S Mittal, P Garg, S Verma, A Narang, S Aggarwal, J Singh, K Kaushik, V Singh Rathee, H Ranga
cystic artery, pseudobilobed gall bladder
S Mittal, P Garg, S Verma, A Narang, S Aggarwal, J Singh, K Kaushik, V Singh Rathee, H Ranga. Aberrant Cystic Artery Causing Pseudo-Bilobed Gall Bladder: An Unknown Entity . The Internet Journal of Gastroenterology. 2013 Volume 13 Number 1.

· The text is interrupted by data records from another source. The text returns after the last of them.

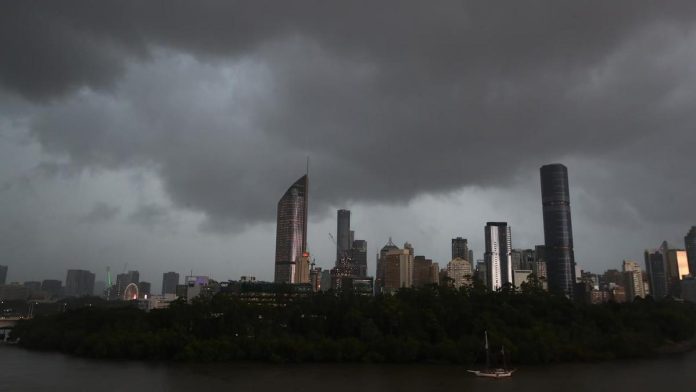 Giant hail, destructive winds and flash floods to hit multiple states ...
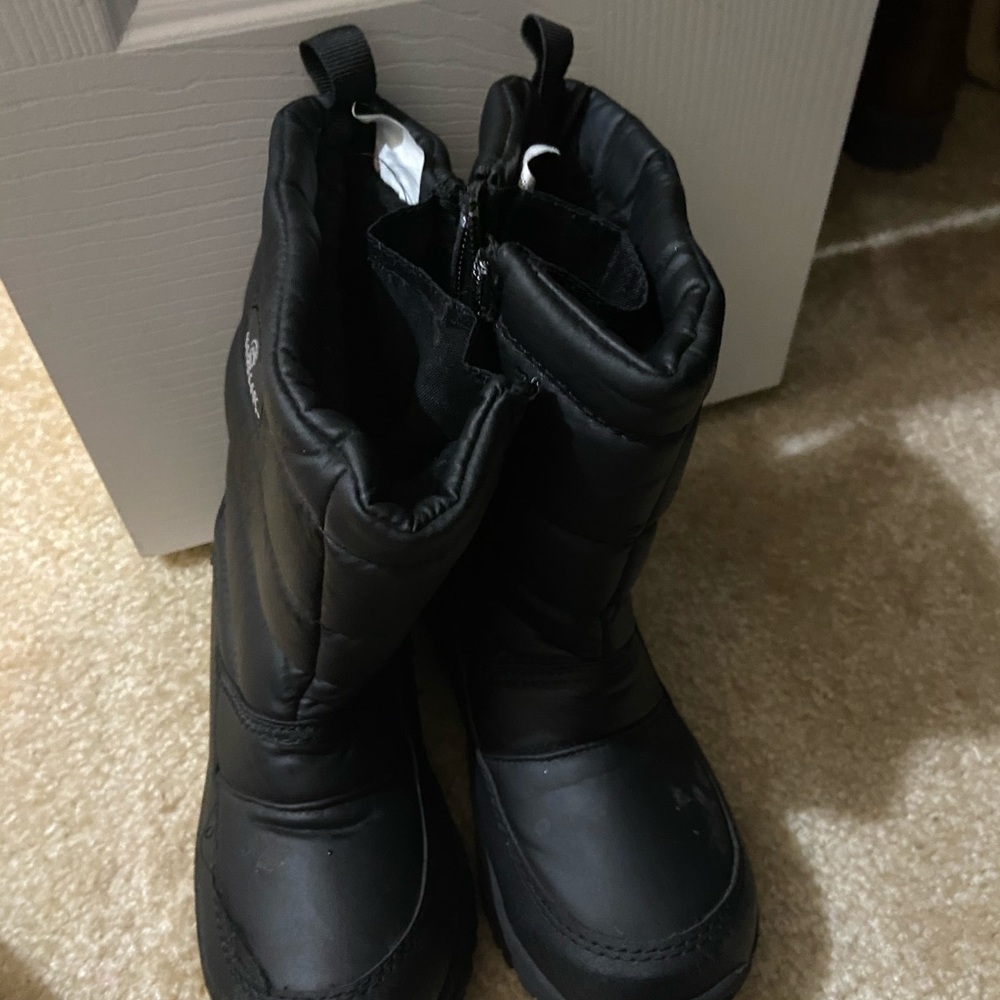 Snow boots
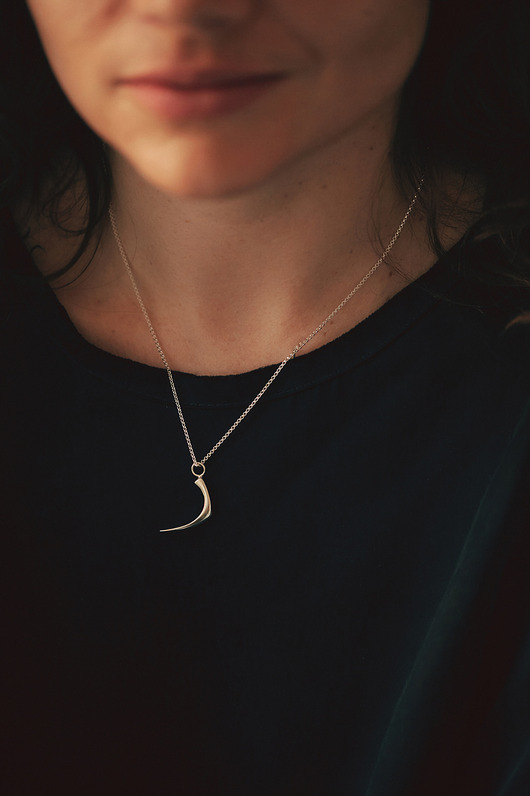 wisiory PEARL empty / glossy silver necklace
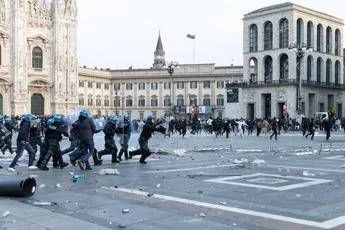 Guerriglia a Milano, Gip dopo gli scontri: “Social possibile detonatore esponenziale di violenza”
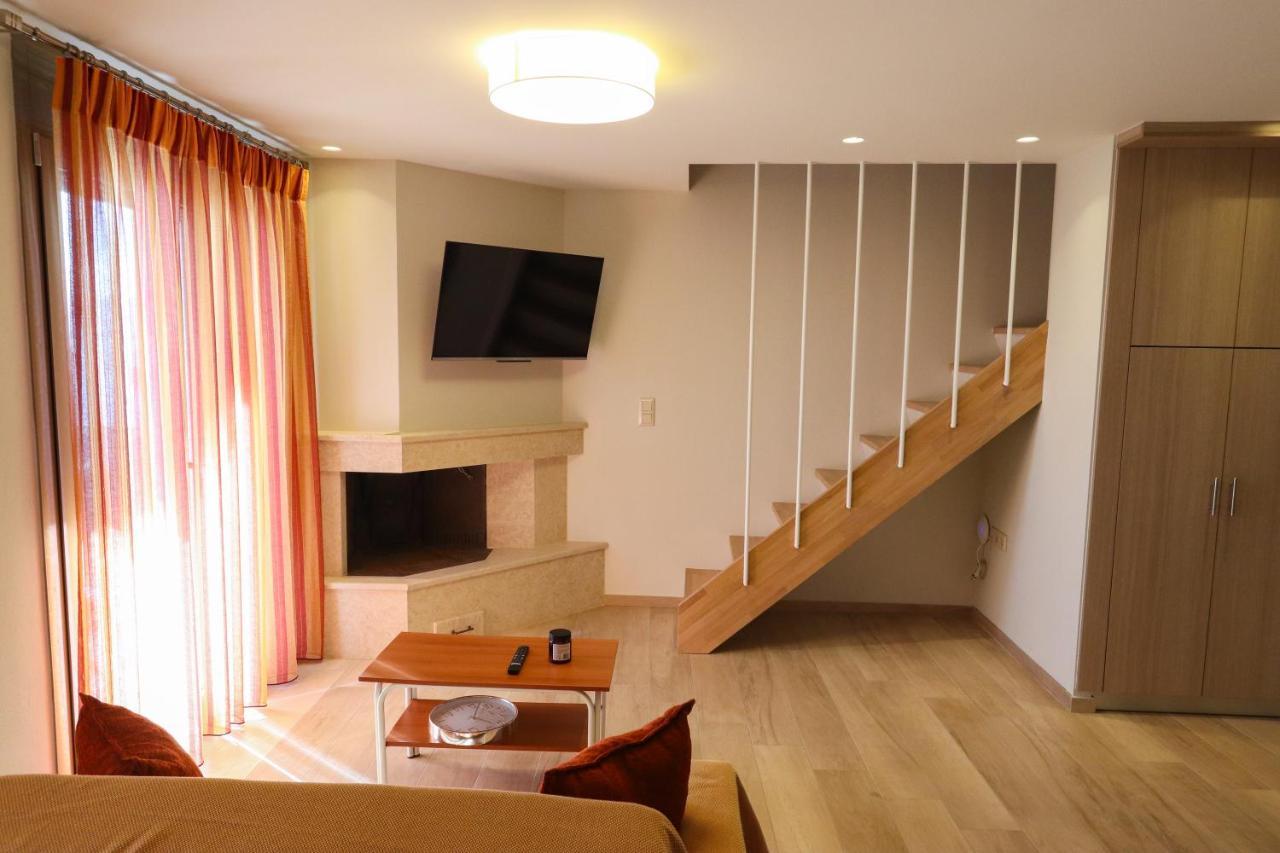 East & West Seaside Apartments Gialtra المظهر الخارجي الصورة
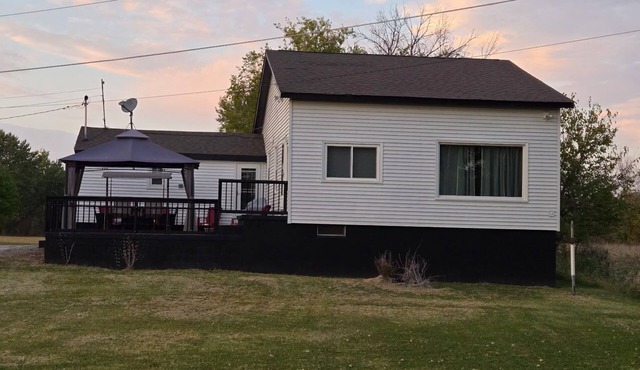 Spacious 4-bedroom house in tranquil Moline with AC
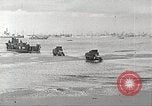 Standbild Allied resupply Operations auf Omaha Beach Normandie Frankreich, 1944, aus Sekunde 7 historischem Filmmaterial Videoclip 65675065485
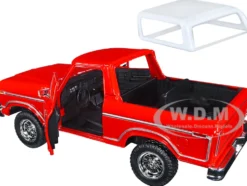 1978 Ford Bronco Custom Red White Timeless Legends Series 1/24 Diecast Model Car Motormax 79373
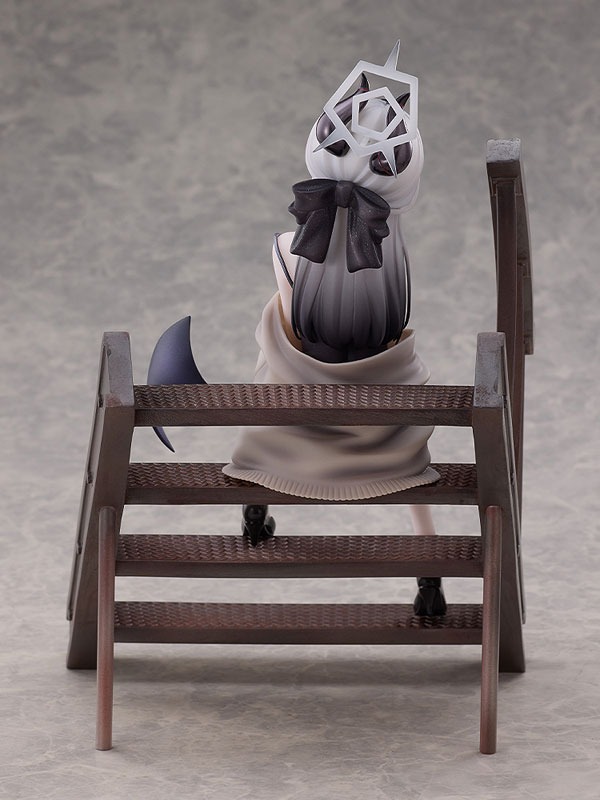 Scaled Figure 1/7 Onikata Kayoko (Dress) - Memorial Lobby Ver. Blue Archive By Solarain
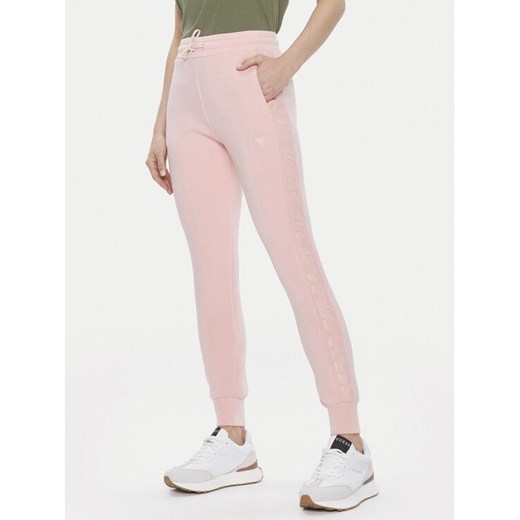 Guess Spodnie dresowe V2YB18 K7UW2 Różowy Regular Fit ze sklepu MODIVO w kategorii Spodnie damskie - zdjęcie 182668014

The cystic artery can have variable origin, the right cystic artery being the most common. In addition, its course can also follow diverse paths often in close proximity to the common bile duct. This report presents a course of the cystic artery encountered during open cholecystectomy that has not been reported prviously in the literature. The cystic artery was unusually long and crossing across the middle of the gall bladder giving it a pseudobilobed appearance. This rare variant is reported to enhance knowledge on spectrum of cystic artery anomalies
The topographic anatomy of the hepatobiliary arterial system and their anomalous origins and courses should be kept in mind during hepatobiliary surgeries such as laparoscopic or open cholecystectomy. Prior knowledge of any rare anomaly is essential for reducing the incidence of intraoperative complications. The cystic artery is known to exhibit variations in its origin, course and branching pattern
The normal cystic artery arises from the right hepatic artery in the calot’s triangle in the cysto hepatic angle immediately to the right of common hepatic duct . After it has passed behind common hepatic duct and anterior to the cystic duct it reaches the superior aspect of the neck of gallbladder to divide in to superficial and deep branches.1,2 Some times there can be more than one cystic artery supplying the gallbladder. And rarely it may also arise from other arteries like left hepatic artery, accessory right hepatic artery, superior mesenteric artery, hepatic artery proper, gastro duodenal artery, retroduodenal and superior pancreatoduodenal arteries.3,4. A long cystic artery coursing across middle of gall bladder is not described in literature.
A 50 year old male was admitted with diagnosis of cholelithiasis. During open surgery a bilobed gall bladder was found. Further meticulous dissection revealed that appearance of two lobes was actually due to a long cystic artery, running across the middle of the gall bladder and causing narrowing of body of the gall bladder (Figure 1). Both the lobes were packed with mixed stones. Cystic artery and duct were ligated and cut, while removing the gall bladder from the liver bed, a small accessory duct was encountered which was ligated. The patient had an eventless postoperative recovery
Anatomic variations in and around Calot’s triangle are frequent involving biliary tree and cystic artery and we found them in 20%-50% of patients.5,6 Therefore, careful blunt dissection of Calot’s triangle is necessary for both open and laparoscopic cholecystectomy The cystic artery presents an unusually high degree of variability not only in its origin or number but also in its course to gallbladder. It is of utmost surgical importance as it is always ligated during cholecystectomy irrespective of its origin & course. In the present case the cystic artery was originating from right hepatic artery but having a long curved course, running across middle of gall bladder causing a sort of narrowing of body of gall bladder giving rise to false appearance of bilobed gall bladder and constricting it. The course across body of gall bladder causing narrowing was possibly responsible for prolonged stasis of bile leading to formation of gall stones. The active pathology may be considered akin to aberrant vessel causing hydronephrosis in kidney
Aberrant course of cystic artery across the body of the gall bladder can be considered akin to what is seen in hydronephrosis due to aberrant vessel. This very well explains prolonged stasis of bile as a pathogenetic factor for stone formation.